By Karin Strohecker and Andrea Shalal

WASHINGTON (Reuters) -Pakistan is set to sign a preliminary deal on a review of its loan programme with the International Monetary Fund this week, the country’s finance minister said, a key step to securing another $1.24 billion payout from the lender.

An IMF team left Pakistan last week without signing so-called staff-level agreements on reviews of its two main support programmes which are worth a combined $8.4 billion.

“The mission was on the ground for a couple of weeks, we had very constructive dialogue with them around the quantitative benchmarks, the structural benchmarks, and we’ve been having some follow-up discussions,” Muhammad Aurangzeb told Reuters during an interview on the sidelines of the IMF and World Bank annual meetings. 

“During the course of this week, we’re hoping that we can get the SLA done.”

RETURN TO CAPITAL MARKETS

Pakistan stocks closed 4% up after the news.

Countries under IMF lending programmes need to pass regular reviews, which, once signed off by the Fund’s executive board, trigger loan tranche payments. 

The IMF support agreed in September 2024 helped shore up Pakistan’s $370 billion economy following a severe economic crisis that sent its currency tumbling.

Aurangzeb said the government now plans to return to capital markets, starting with its first green bond denominated in Chinese yuan before the end of the year, followed by an at least $1 billion international bond. 

“Euro, dollar, Sukuk, Islam Sukuk – we’re keeping our options open,” he said.

Long-delayed state asset sales are also expected to gain traction now after disappointing progress last year.      

Islamabad wants to sell off three power distribution companies and national flag carrier Pakistan International Airlines.    
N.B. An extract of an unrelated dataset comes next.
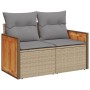 Beige 7-tlg. Garten-Sofagarnitur aus Polyrattan mit hellgrauen Kissen.
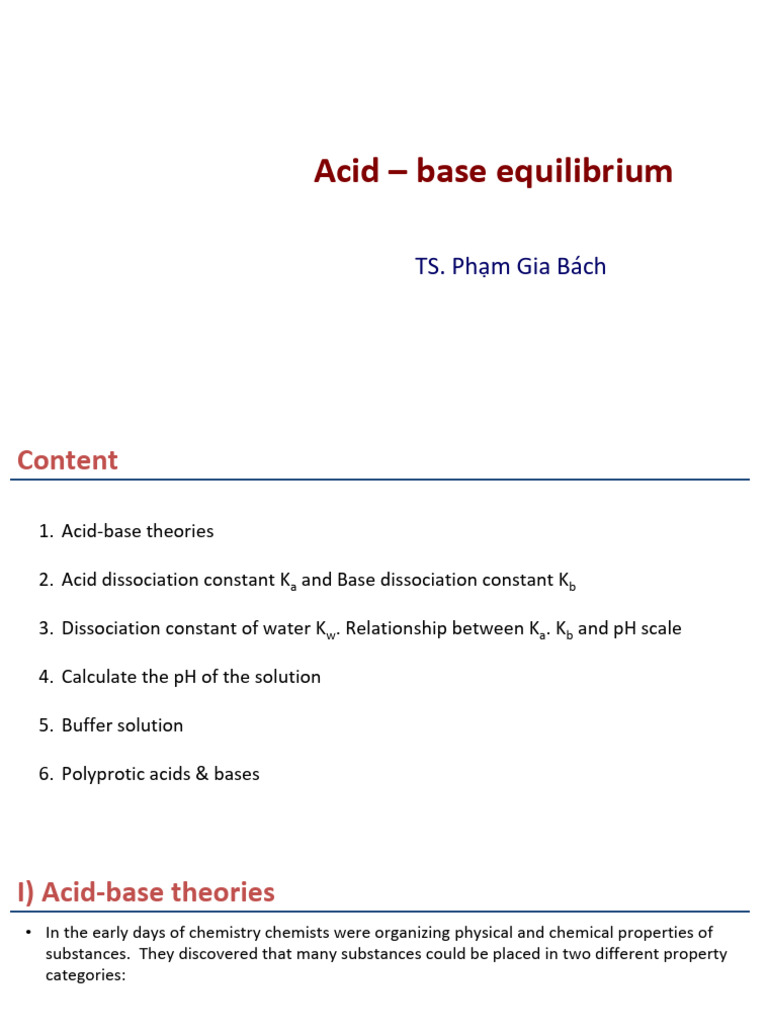 Acid-Base Equilibrium Concepts Explained | PDF | Acid | Chemistry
“We are quite hopeful,” Aurangzeb said about the planned airline sale, adding that lucrative reopened routes to Europe and Britain made it “a very good proposition.”

If it takes off it would be Pakistan’s first major privatisation in roughly two decades.

A deal collapsed last year after a single lowball offer, but the government has since drawn interest from five domestic business groups including Airblue, Lucky Cement, investment firm Arif Habib and military-backed Fauji Fertilizer. 

Final bids are expected later this year. The government also hopes the privatisation of a yet to be named financial institution could move ahead this month.

MEETING WITH US OFFICIALS

Aurangzeb, who is expected to meet with U.S. Treasury Secretary Scott Bessent this week, said Pakistan was relieved to have ended up with a 19% U.S. tariff having originally braced for a 29% levy.

Discussions about U.S. investments in the country’s oil and gas and minerals and mining sectors are now taking place, he said, though he added it was early days.

Pakistan recently signed a memorandum of understanding with Reko Diq, run by mining firm Barrick Gold, for a first copper mine, with the overall project potentially growing to as much as $6.5 billion to $7 billion, Aurangzeb said.

“The potential of this sector is huge,” he said, citing growing demand due to the global energy transition away from fossil fuels.

Pakistan is also trying to maintain strong ties with China.

“I don’t quite frankly see it as an and-or discussion, it’s very much an and-and discussion for us,” he said, when asked whether Pakistan’s growing ties with Washington signalled a shift in its dealings with Beijing.

Asked whether Washington’s reluctance to fund climate change projects could hit Pakistan, Aurangzeb said the country was well-positioned to weather it, given a $1.3-billion Resilience and Sustainability facility with the IMF as well as a $2-billion World Bank programme, of which one-third is earmarked for climate change, and other programmes.

“I think there is enough (available funding) at this point in time that we can move forward with the adaptation agenda. The ball is in our court.”